On Sept. 7, a small cast of six student actors will take on the challenge of reproducing the creation of a play from genocide research in the “intimate setting” of Strother Studio Theatre.
“We are Proud to Present a Presentation about the Herero of Namibia, Formerly Known as South West Africa, from the German Südwestafrika, Between the Years 1884-1915” illustrates the impact of German colonizers within the Herero tribe of Namibia.
“[This play has] hit close to home,” said Veronica Santoyo, the director of the play. “When the characters are actors devising a play, and you're actually working with actors that are the same age, you know [that acting is] what they do. We [kept saying] we will try to figure out how we tell this story.”

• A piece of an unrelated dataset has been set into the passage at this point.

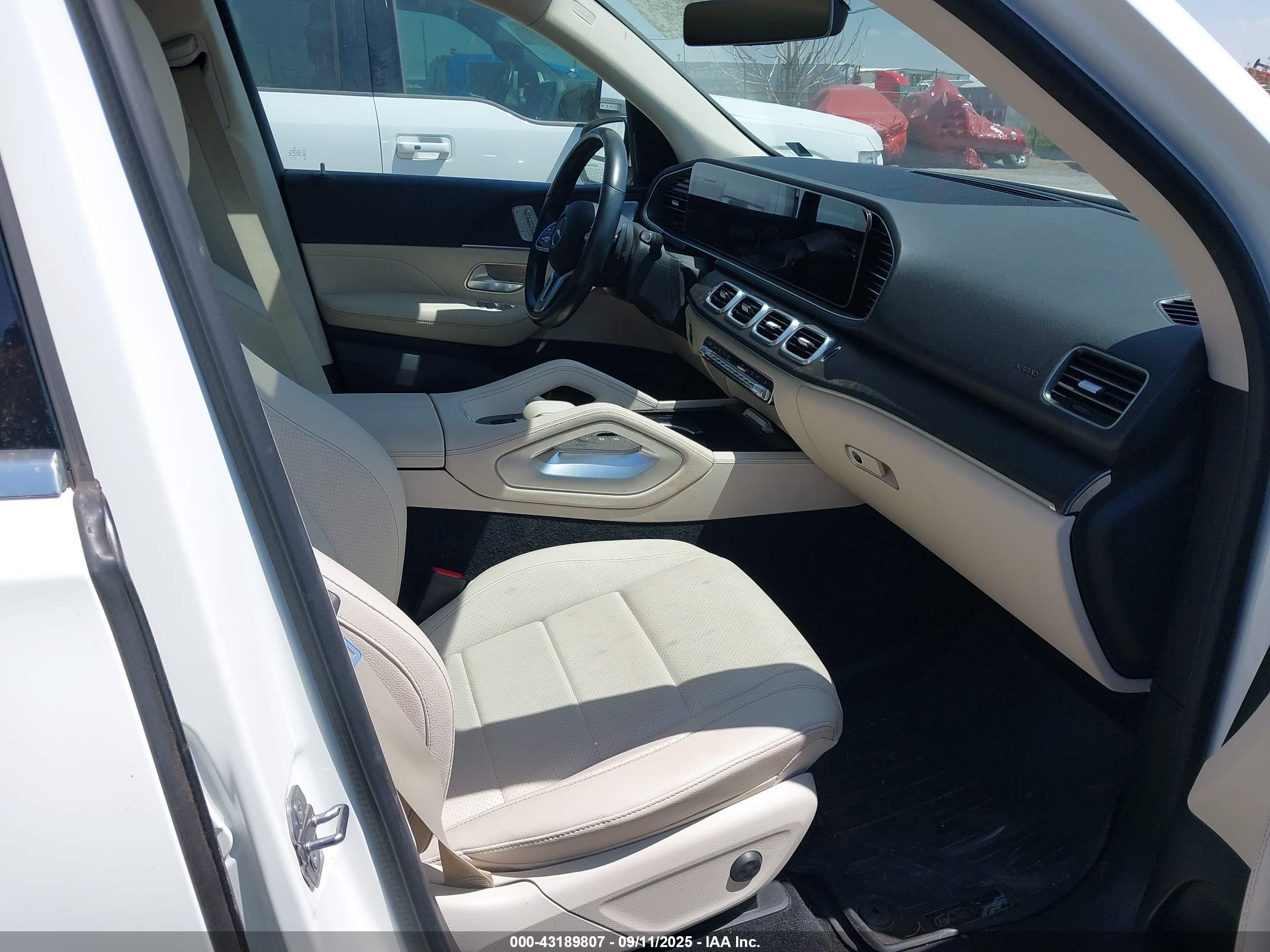 MERCEDES-BENZ GLE image 5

The show starts with the actors “devising” their own play based on historical letters from German soldiers to their wives along with photographs of the Herero tribe.
“[From there,] the play is basically divided by the playwright into what is called the presentation and process,” Santoyo said. “Presentation is where they verbally rehearse parts of the play. Then process are the parts where they talk about what they did.

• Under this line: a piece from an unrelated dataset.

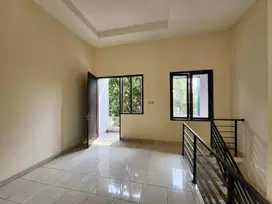 DIJUAL‼ Murah BU rumah 2 Lantai baru renovasi di Green Lake City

“So what happens is as they go through this presentation and process, the historical narrative begins to blur as their personal narratives from the present start to take over. [Finally,] the present completely takes over for a surprising ending.”
Since the ending of the play becomes so personal for the actors, Santoyo said “it’s risky material.”
“There’s six actors: three are black, and three are white, so we are talking about things that each one can identify with,” Santoyo said. “It was imperial that we work together with an opening to build and try things that were a little harder or that hit home in some way.”
Martin Tebo, a junior acting major, said this experience is one of the most challenging and rewarding in his acting career.
“It’s been so lead by the actors that it brings everyone's talents together to create something that is unique to our [own] experiences in life and our skills as actors,” Tebo said.
Working with the actors on this complex show, Santoyo also discovered her personal interests in the topic.
“I can say, personally I think what I find interesting is this play is questioning every narrative we have ever told ourselves,” Santoyo said. “It’s addressing our own biases. This is a play that’s hard to just watch and not feel anything. I’m hoping [the audience] will think about where we are with one another.”
The show will run on Friday, Sept. 7 and Saturday, Sept. 8 at 7:30 p.m. as well as Sunday, Sept. 9 at 2:30 p.m. Tickets are $15 for the general public, and $12 for students, faculty, staff and seniors.
“I hope [audience members] leave examining their actions more as people and try to promote empathy among others,” Tebo said.